2. Theorizes why that might be so - she says "I was thinking about the archetype of strength in femininity. In Jewish culture, the archetype of the strong female is fairly ubiquitous. My theory is that women who grow up Jewish, and who are exposed to that archetype, have a sense of the power of femme identity, even prior to coming out as queer or constructing a femme identity for themselves." (and then she says that her Jewish identity has shaped her femme identity.)
Do you guys (er, people) find #1 to be true? And regardless, do you agree with #2 What's been your experience?

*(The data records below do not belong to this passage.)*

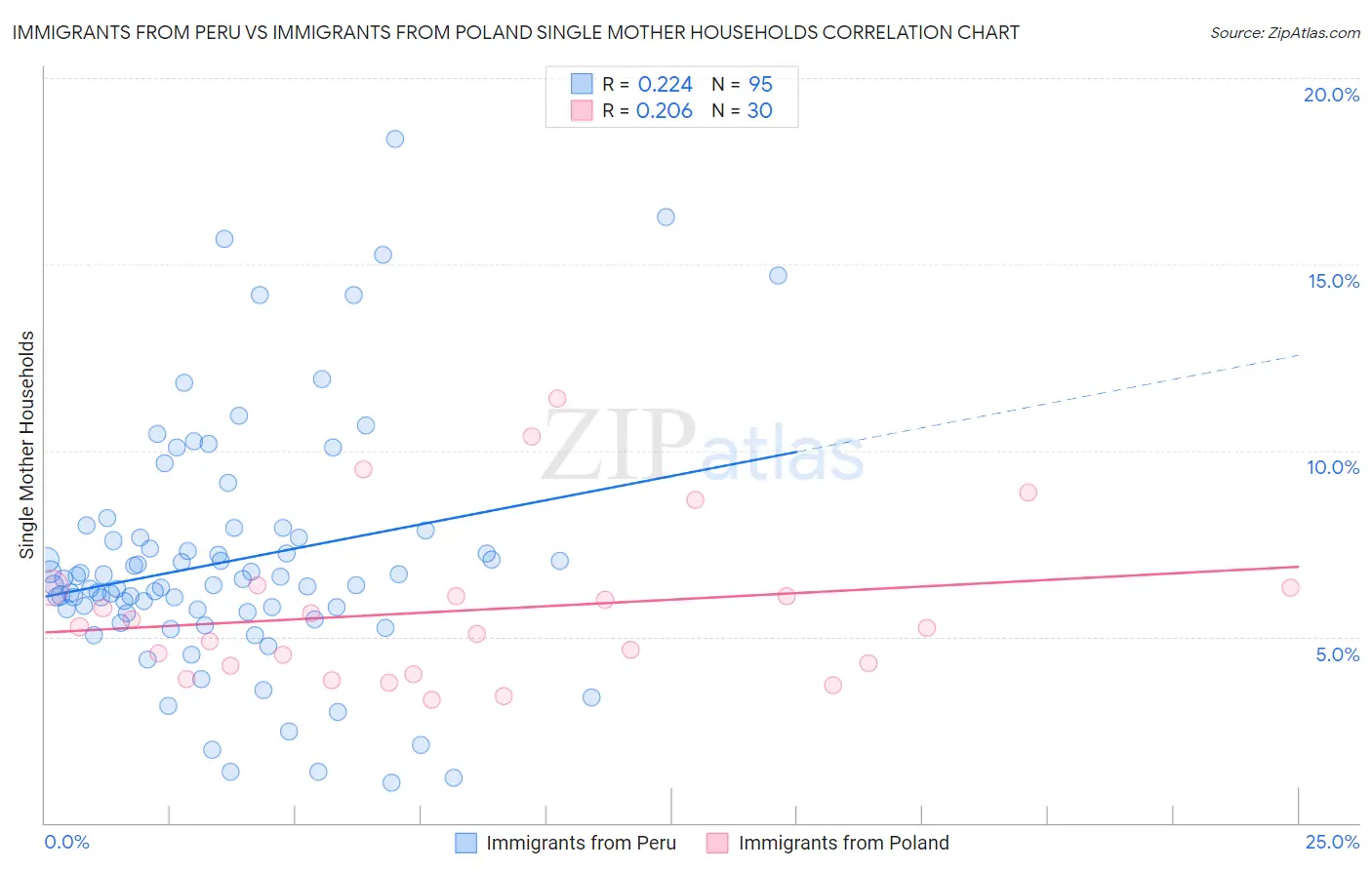 Immigrants from Peru vs Immigrants from Poland Single Mother Households
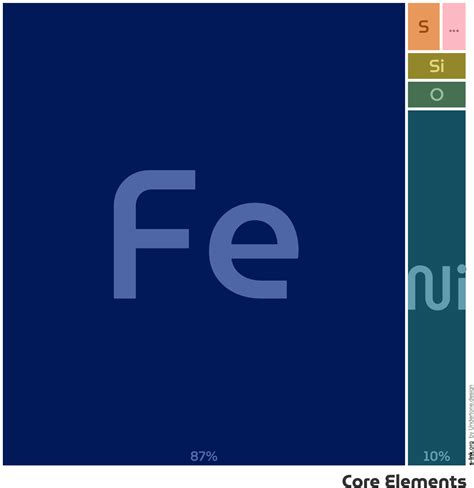 Periodic Table of Elements - s-Ink · accessible science graphics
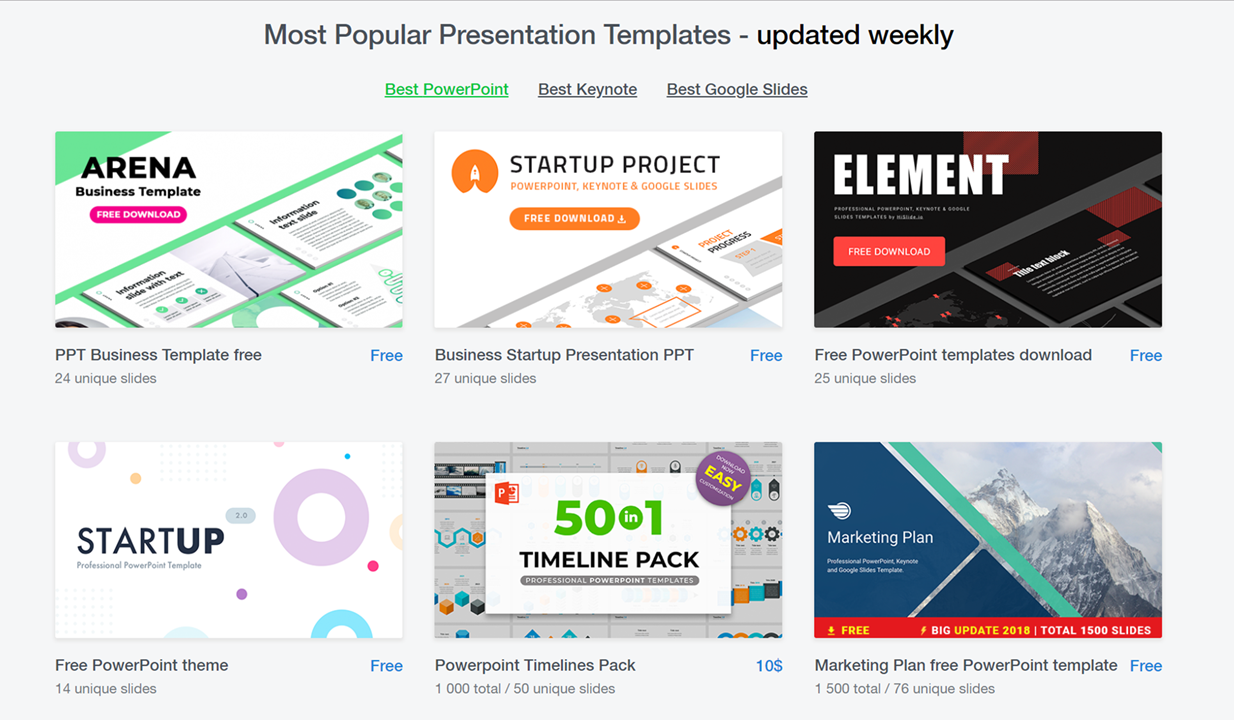 收藏了3年的PPT素材网站，每个都很实用，赶紧收藏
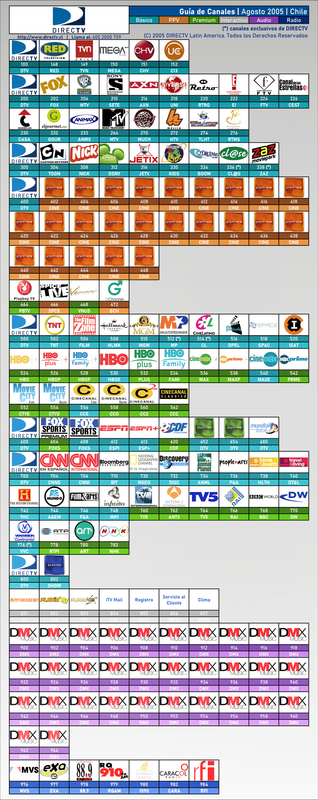 Guía de Canales DIRECTV - Agosto 2005 (4)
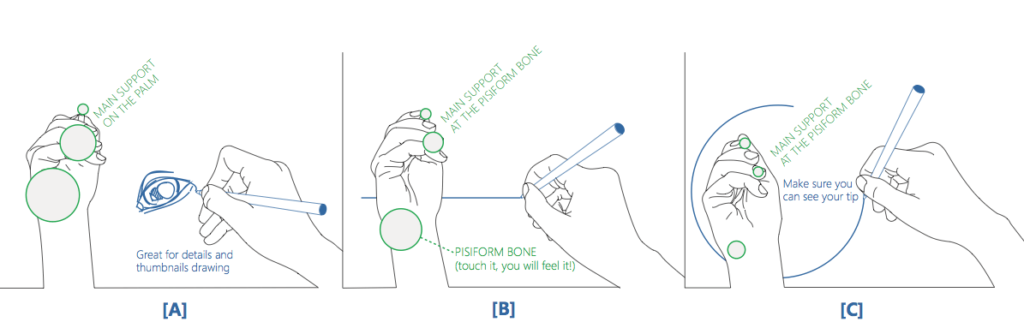 3 ways to hold your pen for drawing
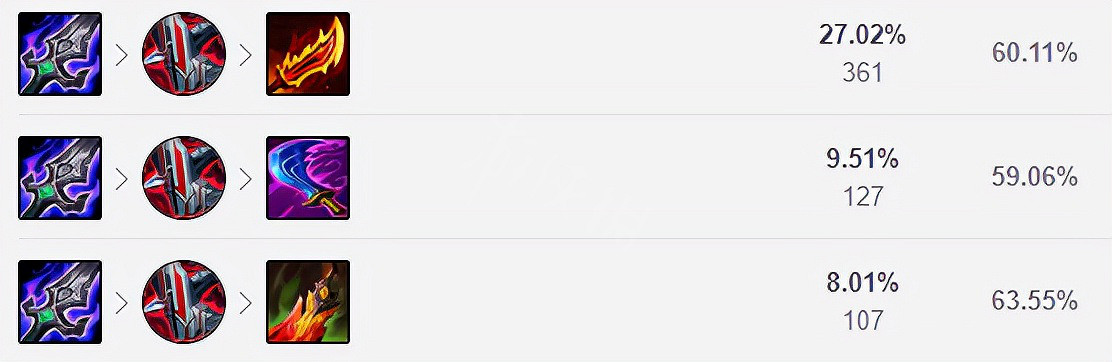 《英雄聯盟》11.21韓服熱門上單有哪些?11.21刀妹天賦出裝推薦 《英雄聯盟》11.21韓服熱門上單有哪些?11.21刀妹天賦出裝推薦
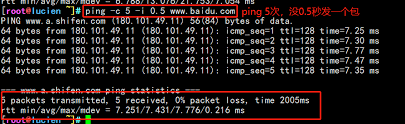 Where it comes from iputils package for redhat or debian). Ping Command Test Host Network Network Connectivity Programmer Sought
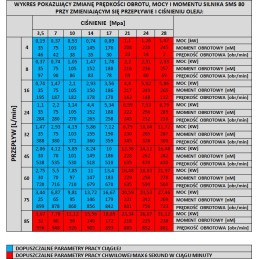 Stiprus sms oms bms omzs 80 hidraulinis variklis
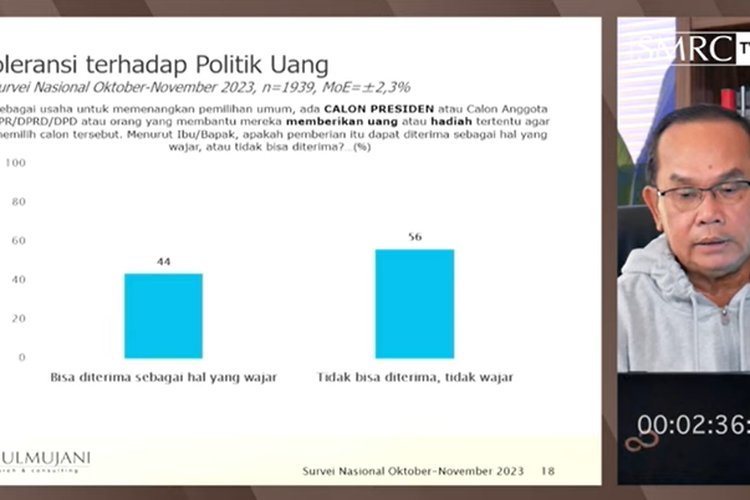 Efektivitas Politik Uang Hanya 10%, SMRC Sebut Perempuan Mudah Terpengaruh Money Politic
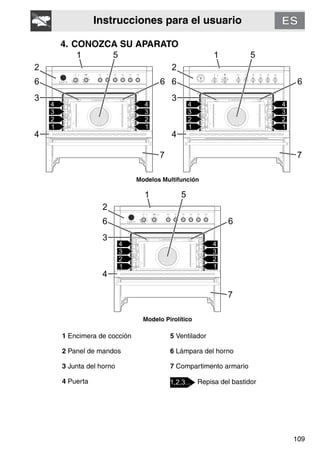 Instrucciones para el usuario
109
4. CONOZCA SU APARATO
Modelos Multifunción
Modelo Pirolítico
1 Encimera de cocción 5 Ventilador
2 Panel de mandos 6 Lámpara del horno
3 Junta del horno 7 Compartimento armario
4 Puerta Repisa del bastidor
 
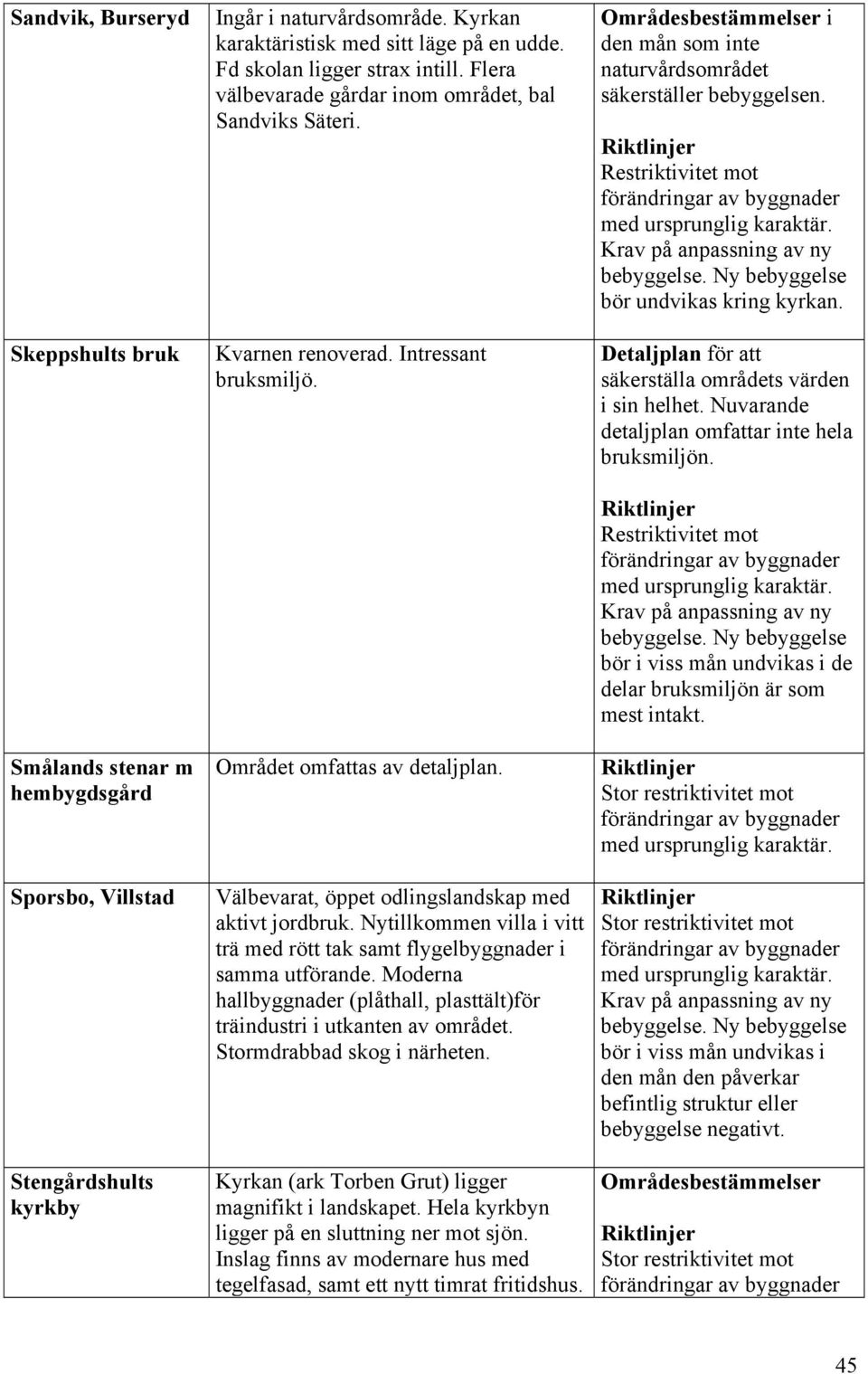 Välbevarat, öppet odlingslandskap med aktivt jordbruk. Nytillkommen villa i vitt trä med rött tak samt flygelbyggnader i samma utförande.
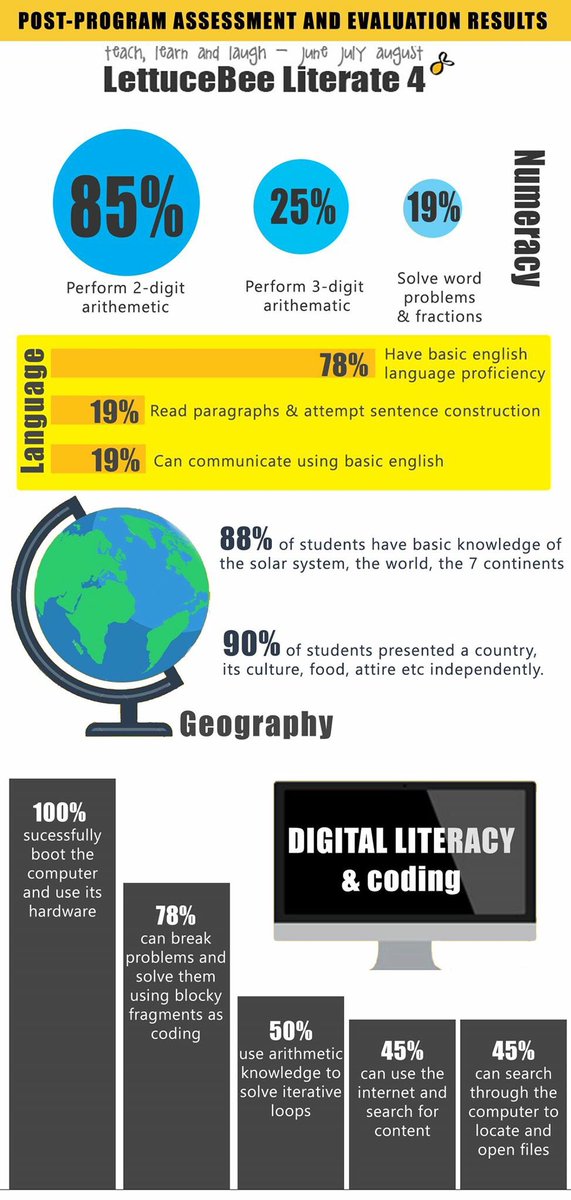 LettuceBeeKids's tweet image. #Educationindevolution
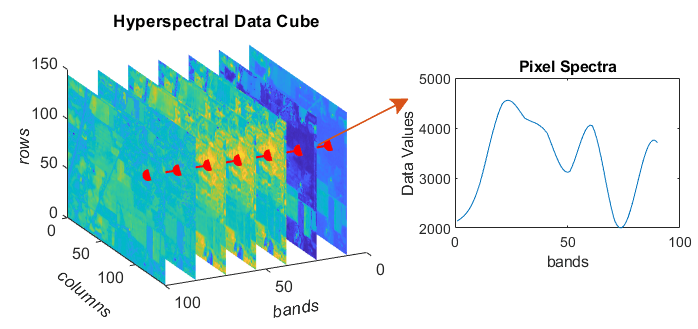 数据立方体和像素光谱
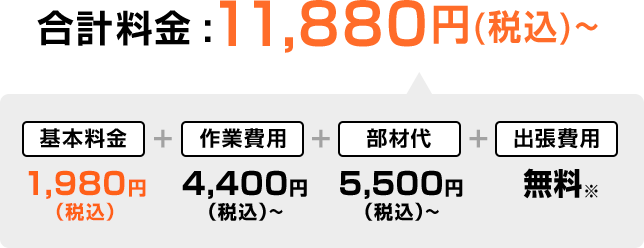 合計金額11,880円税込み～、内訳　基本料金1,980円税込み、作業費用4,400円税込み～、部材代5,500円、出張費用無料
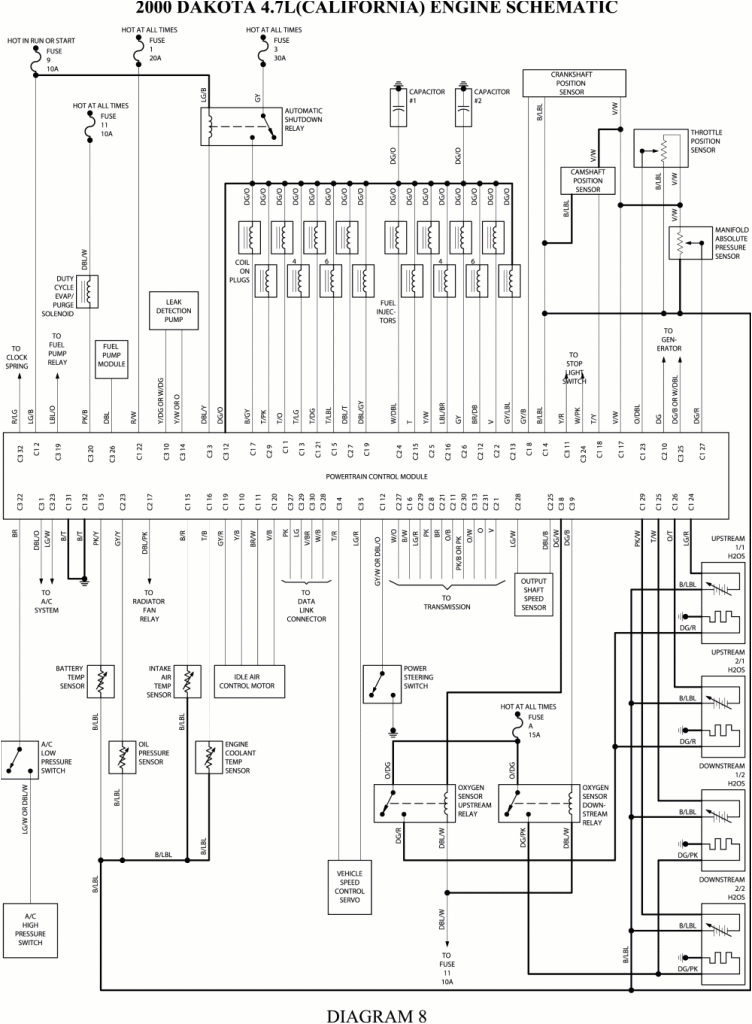 Kenworth Starter Wiring Diagram T800 Wiring Diagram Wiring Diagram Centre Kenworth Starter Wiring Diagram T800 Wiring Diagram Wiring Diagram Centre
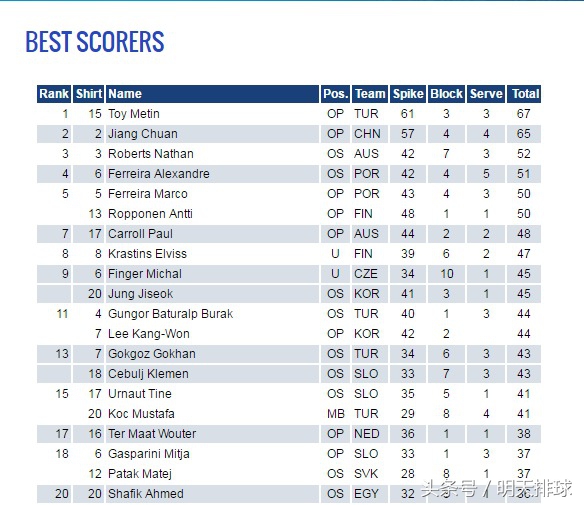 男排世联赛2023决赛在哪打,男排世联赛6月6日开打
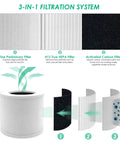 Diagram of Replacement Filter For Levoit Core Mini Air Purifier, 3 In 1 H13 Grade Filtration With Activated Carbon layers
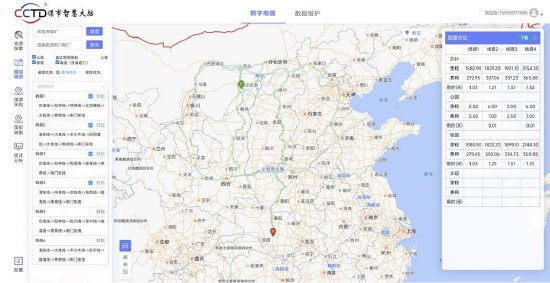 打造全国煤炭产运销“一张图”的智能决策辅助平台 ——“CCTD煤市智慧大脑2.0”上线-第5张图片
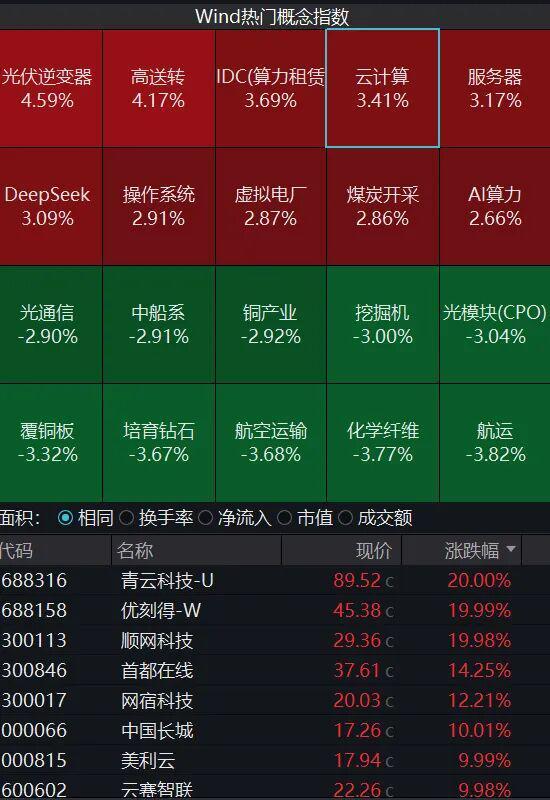“龙虾热”席卷A股，风口还是炒作？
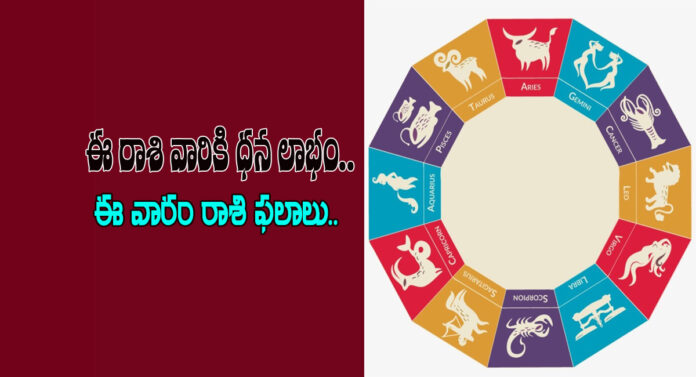 Todays Horoscope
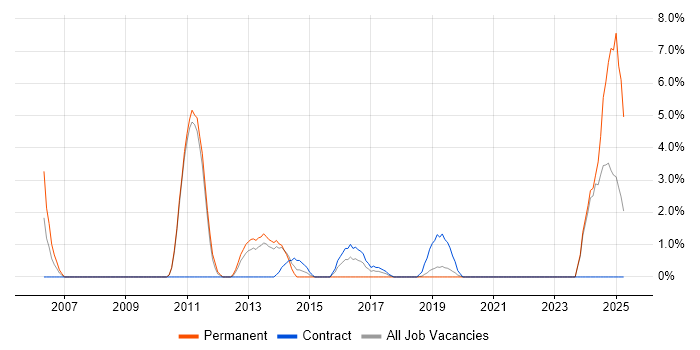 Job vacancy trend for Creative Thinking in Salford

My thoughts under a cut so other people can think their own thoughts first:
I found this really surprising. Jewish women tending toward femme made sense to me and jibes with my experience, but I don't quite get her theory about why. To me Jewish + femme is a nod to being a
JAP (apologies to people who find that an offensive term), and I don't really find JAP to be positive or feel like it would be an empowered identity at all. I have difficulty appreciating or admiring (and sometimes even respecting) femme-ness or maybe even femininity, actually, and I think a lot of that harks back to growing up around women who were kind of JAP-y and feminine. (I'm actually trying to get rid of that way of thinking, because it feels unfairly biased, but it's slow.)
There are those few biblical heroines, like Devorah, but that's kind of a drop in the bucket - and I'd probably project butch rather than femme onto those if I had to. Maybe the author was talking about modern Jewish culture, regardless of whether it has religious roots.
I grew up black hat-ish Orthodox, and while maybe I can pick out some ways that women seem strong in that world, there are lots of ways in which they don't seem strong. I guess in the Orthodox world masculinity isn't particularly valued, just maleness (the simple XY chromosome deal, in that world), so there's that.